Sen. John Cornyn (R-Texas), a senior Intelligence Committee member, was blunt: "I think we should be clear-eyed and realistic that this isn't going to persuade the Iranian regime to go in peace." The senator added that Trump's public comments about the talks already reflect awareness that a bad outcome would haunt Vance through 2028.
The deal's political architecture is what makes it dangerous. The MoU commits to developing a $300 billion reconstruction fund for Iran — a figure Sen. Bill Cassidy (R-La.) called "the worst foreign policy blunder in decades," per Al Jazeera. Former Vice President Mike Pence labeled it "appeasement." Sen. Ted Cruz warned against funding Iran's rebuild after the U.S. military had "destroyed" its forces. Even Trump's own appointees have kept their distance: Secretary of Defense Pete Hegseth has stayed focused on the military campaign rather than the diplomatic endgame.
That brings us to the real story: Marco Rubio's strategic silence. While Vance made a media blitz defending the deal, cancelled a Switzerland trip, and absorbed attacks from Israel's supporters, Rubio toured the Gulf — UAE, Kuwait, Bahrain — reassuring allies that their interests wouldn't be sacrificed. Al Jazeera notes that Rubio publicly declared Iran "will not be permitted to charge tolls or fees" on Strait of Hormuz shipping, drawing a harder line than Vance. The White House insists there is no split. The choreography says otherwise.
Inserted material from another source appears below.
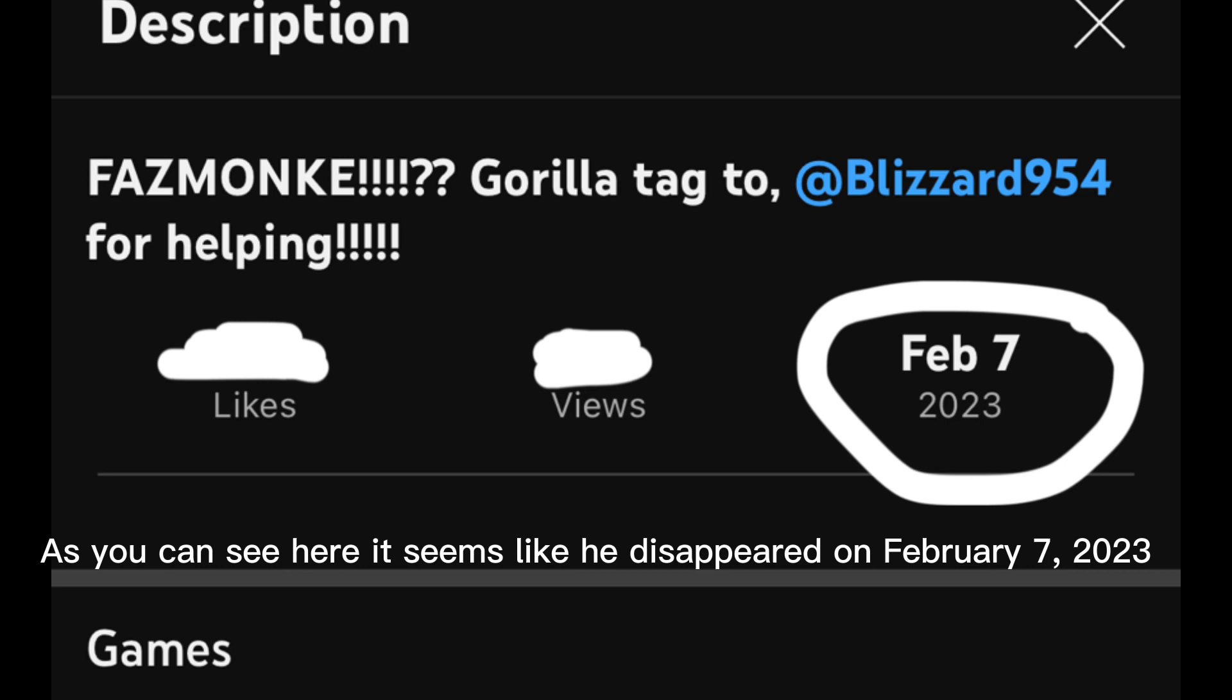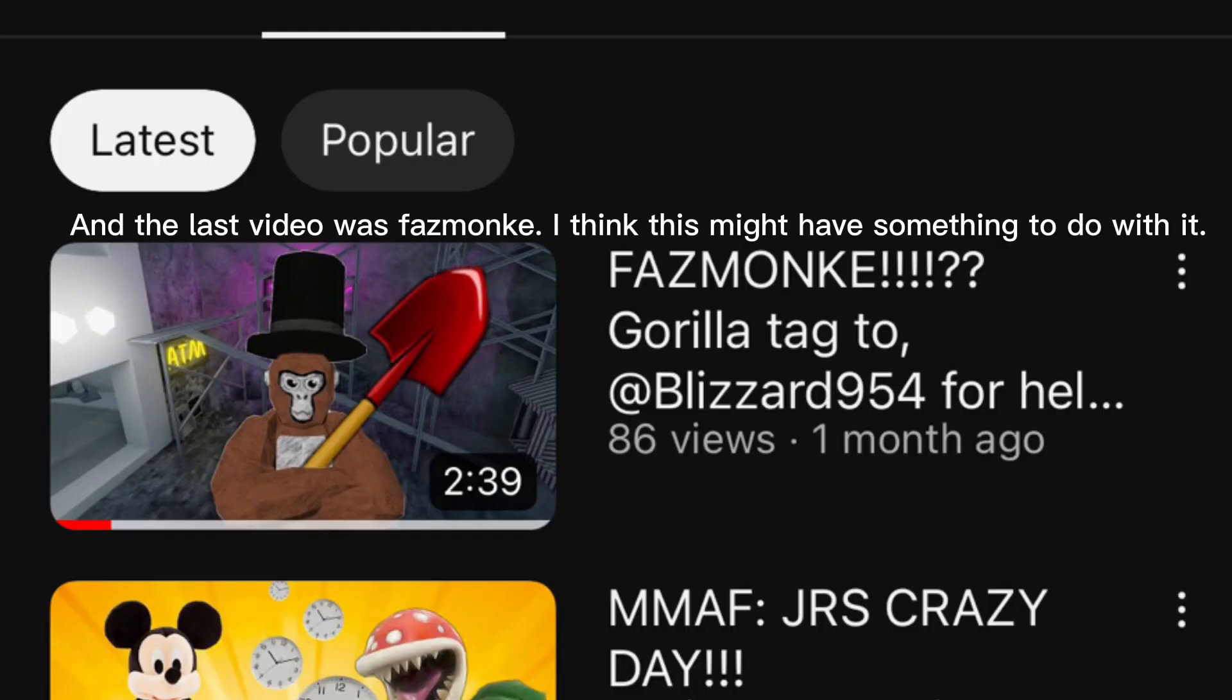Today we are going to be looking at the strange disappearance of 23Z. As you can see here, it seems like he disappeared on February 7th, 2023. And the last video was five months. I think this might have something to do with it.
The two men represent competing GOP foreign-policy traditions. Vance channels the post-Trump "America First" skepticism of foreign wars — a position that plays well with a base where, per Pew Research cited by an Al Jazeera opinion piece, 57% of Republicans under 50 now hold negative views of Israel. Rubio is the Senate's most credentialed hawk, the candidate of a donor class that wanted the Iran campaign prosecuted to completion. Both are positioning for 2028. One has attached his fortunes to the deal's success. The other has not.
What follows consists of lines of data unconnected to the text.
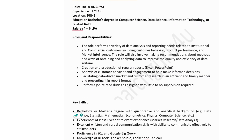The tenth company is Springer Nature Group, hiring for a Data Analyst. Experience: 1 year. Location: Pune. Education: bachelor's degree in computer science, data science, information technology, or related fields. Estimated salary: 4 to 6 lakhs. The role involves a variety of data analysis and reporting needs related to institutional and commercial consumers, including customer behavior, product performance, and marketing intelligence, as well as creation of regular reports through PowerPoint presentations.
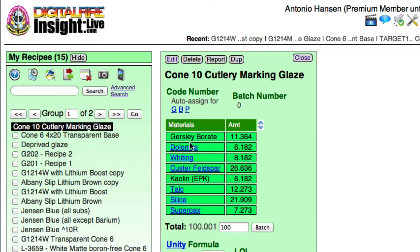Now, here we can see that there are a couple of materials in the recipe that are not linking properly to the materials database to get their chemistry. So I need to see how those are named.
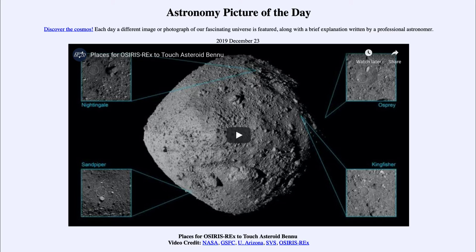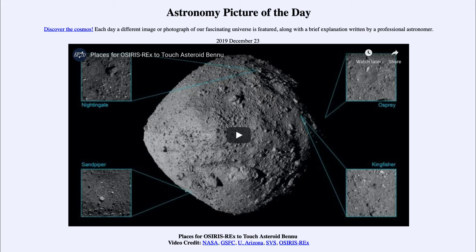So what do we see here? The image at the center is the asteroid known as 101955 Bennu, and it is an asteroid now being explored by the OSIRIS-REx spacecraft. What we're looking at here are the four possible landing sites that NASA was considering for places to collect a sample.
Cornyn declined to comment on Rubio's distance from the talks — a silence that speaks as loudly as anything said on the record. A second GOP senator told The Hill there's "all this jockeying with Rubio" and warned the deal "could turn out very bad."
What to Watch
The MoU's 60-day clock runs to roughly mid-August. By then, negotiators must resolve the nuclear file, Strait of Hormuz governance, sanctions relief, and the fate of $6 billion in frozen Iranian assets held in Qatar — which Tehran is already demanding be made "fully available." Iran's deputy foreign minister has already denied that direct talks are even scheduled, per multiple sources, while exchanges of fire over the weekend nearly derailed the interim accord entirely.
The midterm elections in November add a second forcing function. Trump, Cornyn told The Hill, was "concerned about the midterm election and gas prices" — which is why he paid what Cornyn called "a very dear price" to reopen the Strait. If oil markets remain volatile, Republican candidates up and down the ballot — Vance included — will carry that cost.
For Vance, the calculation is binary: deliver a final deal that credibly constrains Iran's nuclear program and holds the Strait open, and he enters 2028 as the architect of peace. Watch it collapse, and the GOP primary becomes a referendum on his judgment — with Rubio waiting, unburdened, on the other side.